Monday, May 29, 2006

the simulated experience of travel [1.a]

"Indeed, in most cases it would appear that souvenir hunting is not a meaningful examination of place so much as it is a litmus test of our own whims and preconceptions as travelers."*

The passage above puts souvenir hunting in the order of simulation. Souvenirs are now mass produced to litter the shelves of various locales across the world. And we know that. We buy souvenirs, not because they are actual real artefacts from the location where we have travelled, but because they are something we buy in order to complete the experience of travelling-- absurd is the concept of going somewhere without returning with something. Our souvenir consumption exists on the order of simulation because we do not seek anything real in it, yet we do it anyways because it is part of our "whims and preconceptions as travelers." It is practiced in order to fit a societal concept of what travel should be.

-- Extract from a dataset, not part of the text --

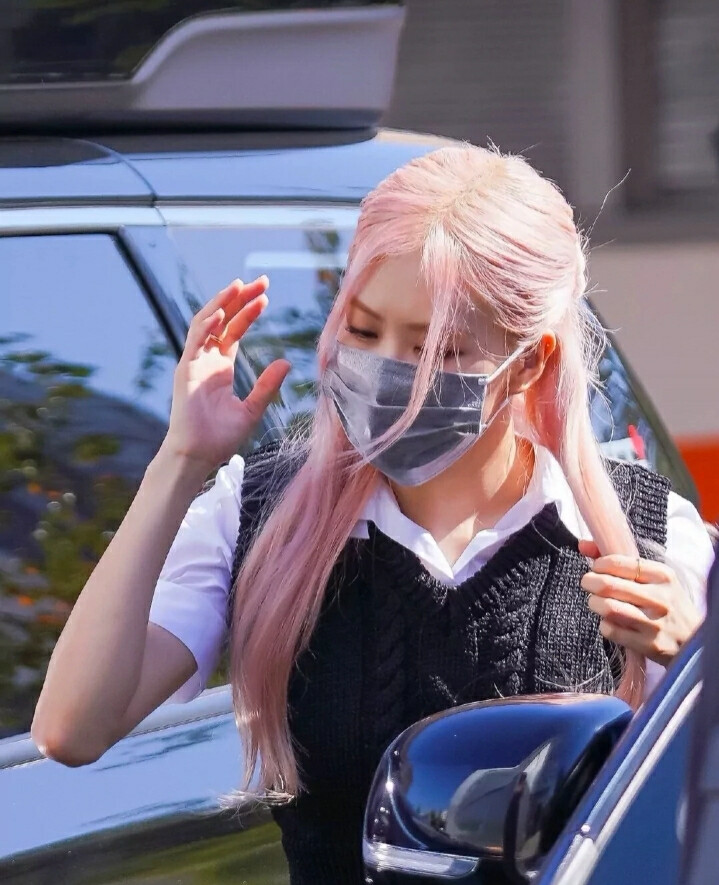 朴彩英Rosie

Yet this article suggests that while much of our souvenir hunting exists in the order of simulation, our travel experience can still stand true and authentic. But I cannot help but be skeptical of that: today's travel getaways of tried-and-true locales like Paris or even to less frequented exotic locales have the scent of simulation to them. Numerous travel agencies sell "authentic travel experiences" for us to bottle, distill and possess as our own. A few photos of us standing in front of phallic-shaped monuments, token "native peoples," identical-to-postcard scenery confirm and seal the package. Even the itinerant backpacker goes, perhaps more to escape, more to have the "experience" than to truly be in a place.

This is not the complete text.